[Opening Supplied data section]

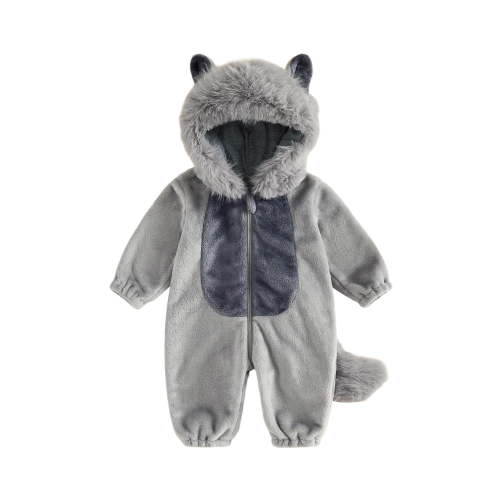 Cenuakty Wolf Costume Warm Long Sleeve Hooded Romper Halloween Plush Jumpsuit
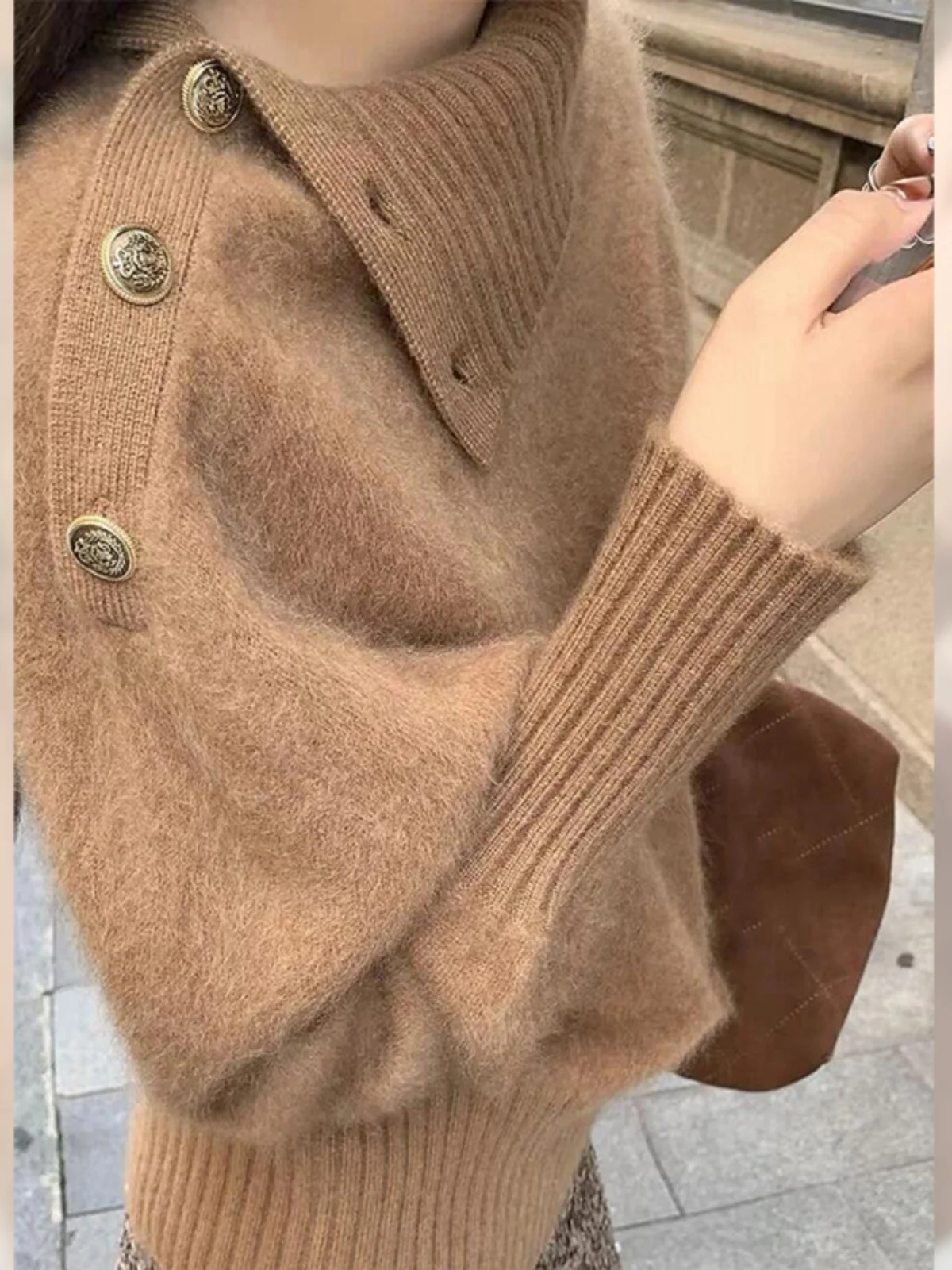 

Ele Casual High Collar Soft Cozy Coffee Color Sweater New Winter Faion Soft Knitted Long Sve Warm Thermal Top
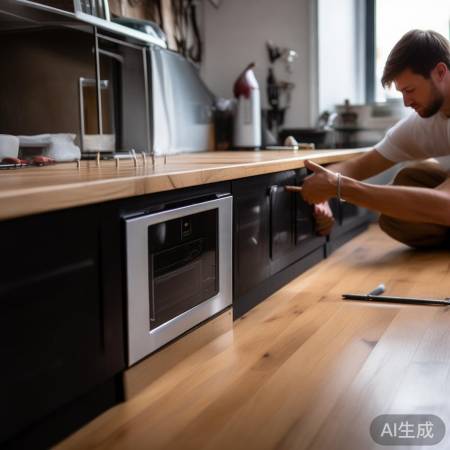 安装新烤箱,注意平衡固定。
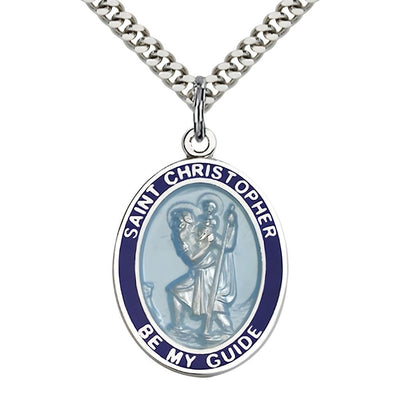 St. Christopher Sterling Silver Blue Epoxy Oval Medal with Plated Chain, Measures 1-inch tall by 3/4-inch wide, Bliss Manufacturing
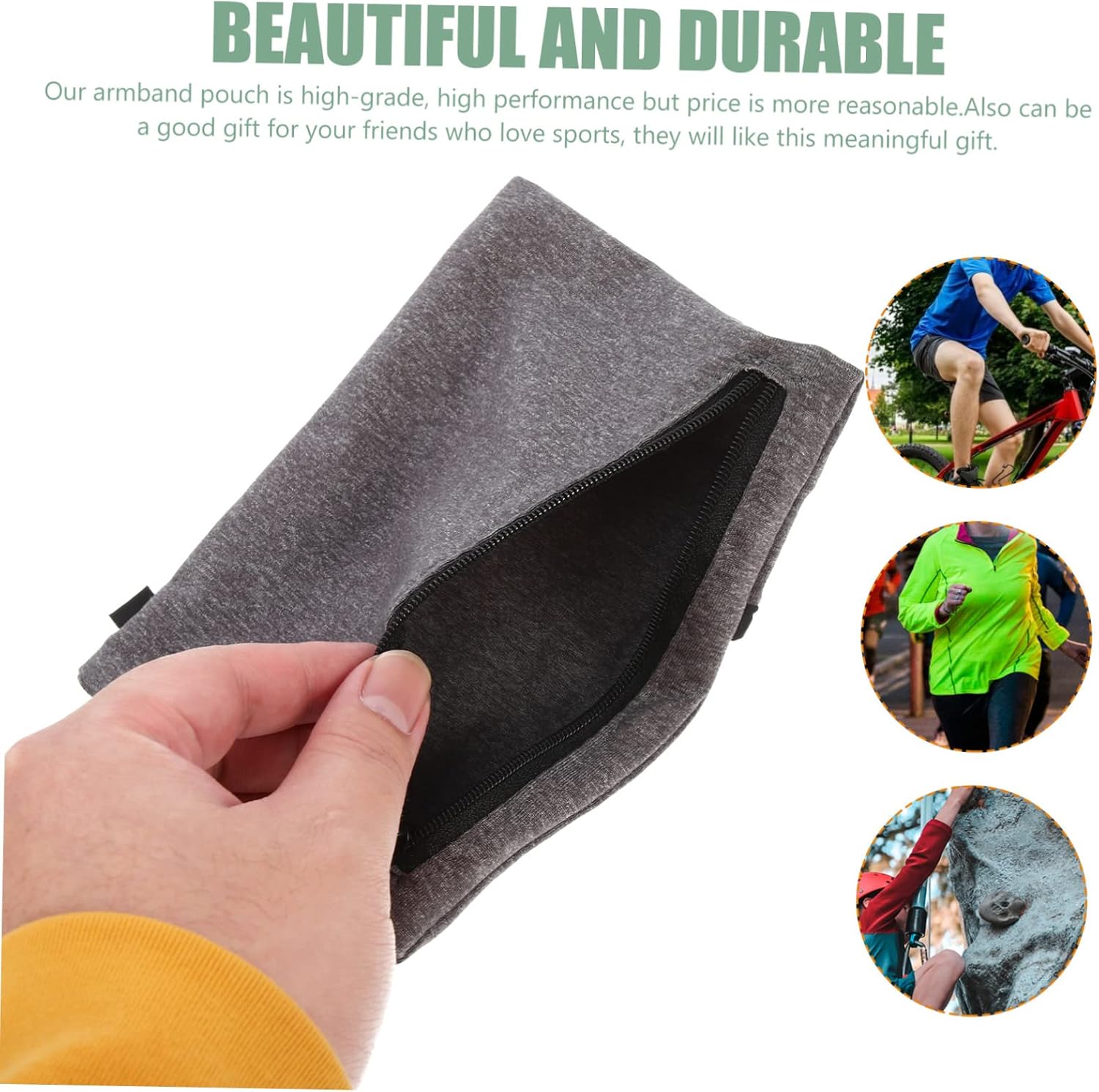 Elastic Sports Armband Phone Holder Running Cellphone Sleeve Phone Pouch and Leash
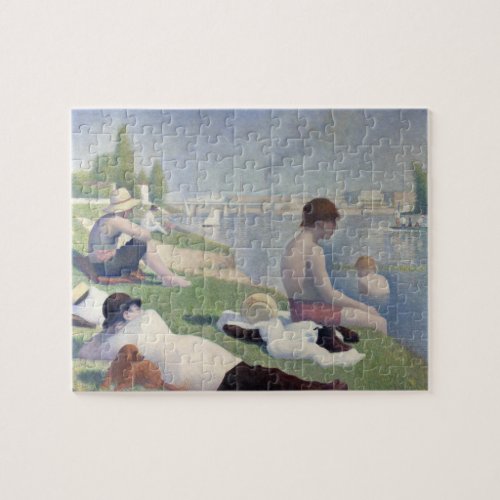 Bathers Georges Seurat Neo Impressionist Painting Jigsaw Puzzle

[Closing Supplied data section]
[Opening Supplied data section]

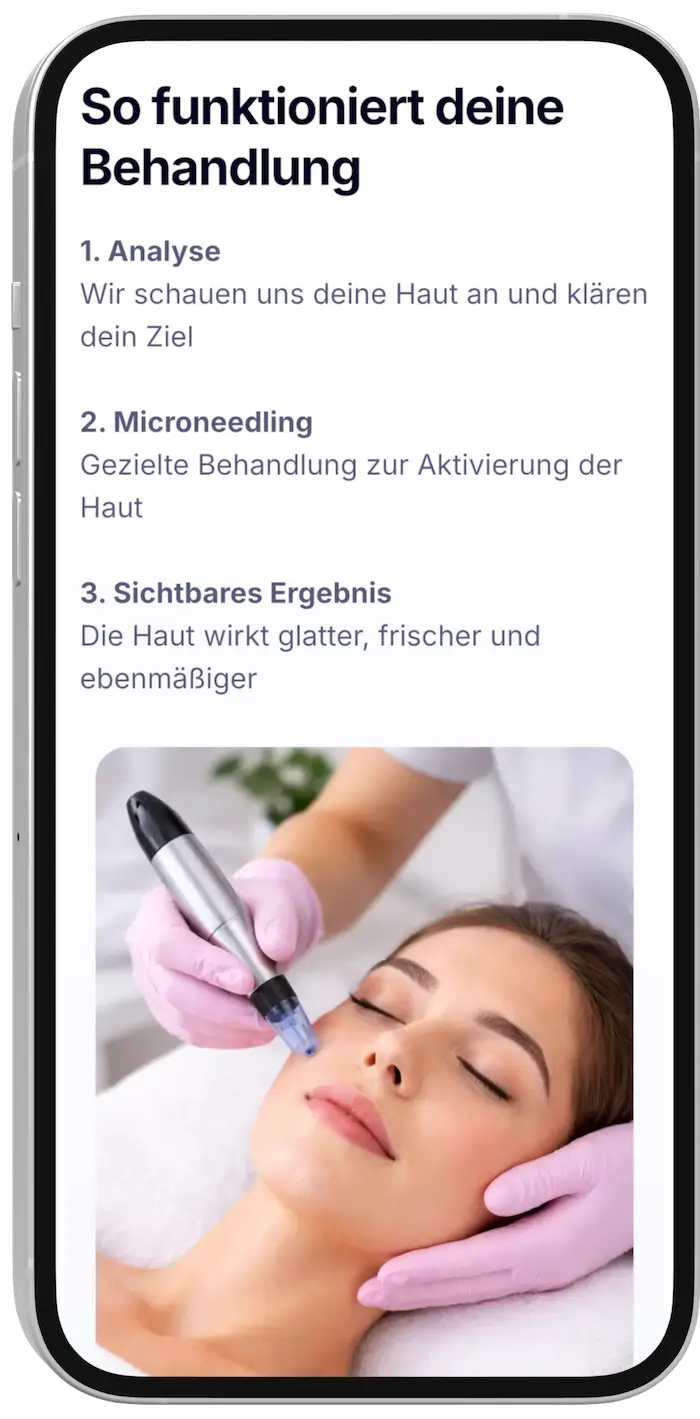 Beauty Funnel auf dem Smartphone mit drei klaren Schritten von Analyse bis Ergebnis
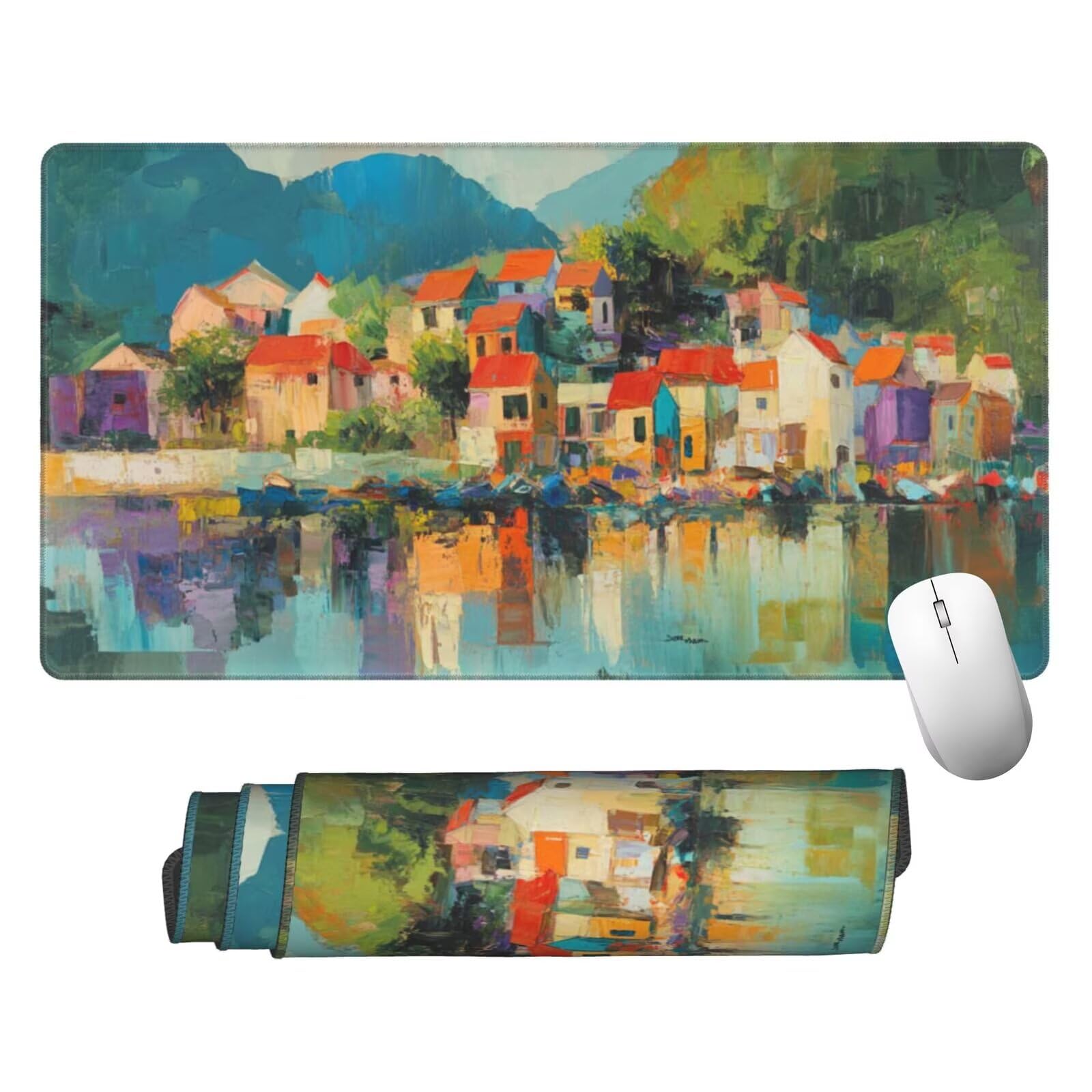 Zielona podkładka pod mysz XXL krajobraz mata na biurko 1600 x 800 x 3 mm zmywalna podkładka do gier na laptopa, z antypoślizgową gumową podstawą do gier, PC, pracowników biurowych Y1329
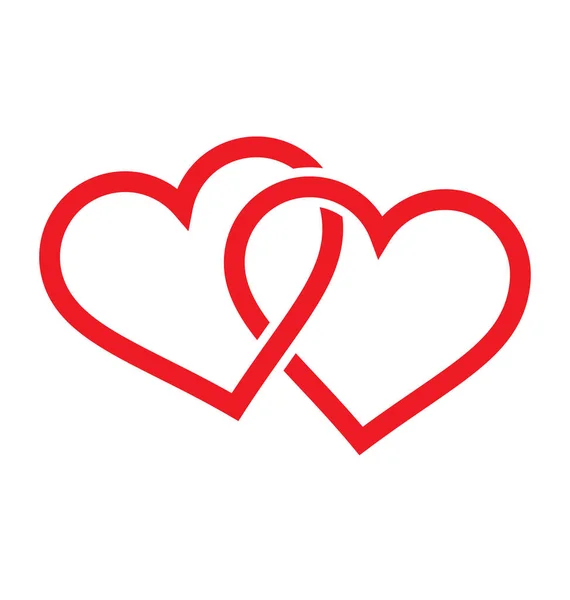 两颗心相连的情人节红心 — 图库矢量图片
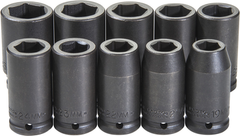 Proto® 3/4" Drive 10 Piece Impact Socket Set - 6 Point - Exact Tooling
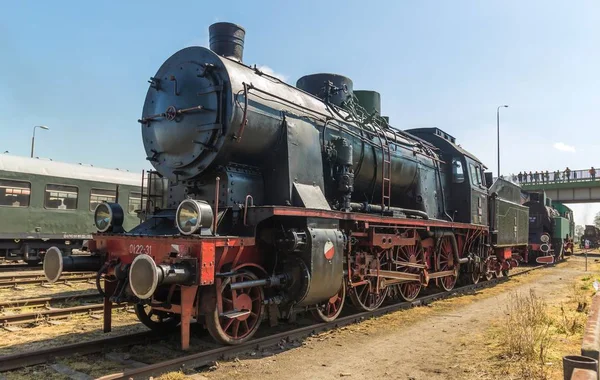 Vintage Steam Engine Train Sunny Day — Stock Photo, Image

[Closing Supplied data section]

### Prompt
Copy word for word the span of the records above that begins at the line with "Cenuakty Wolf Costume" and ends at the line with "Bathers Georges Seurat", including those two lines but not the pictures.

### Response to the exercise
 Cenuakty Wolf Costume Warm Long Sleeve Hooded Romper Halloween Plush Jumpsuit

Ele Casual High Collar Soft Cozy Coffee Color Sweater New Winter Faion Soft Knitted Long Sve Warm Thermal Top
 安装新烤箱,注意平衡固定。
 St. Christopher Sterling Silver Blue Epoxy Oval Medal with Plated Chain, Measures 1-inch tall by 3/4-inch wide, Bliss Manufacturing
 Elastic Sports Armband Phone Holder Running Cellphone Sleeve Phone Pouch and Leash
 Bathers Georges Seurat Neo Impressionist Painting Jigsaw Puzzle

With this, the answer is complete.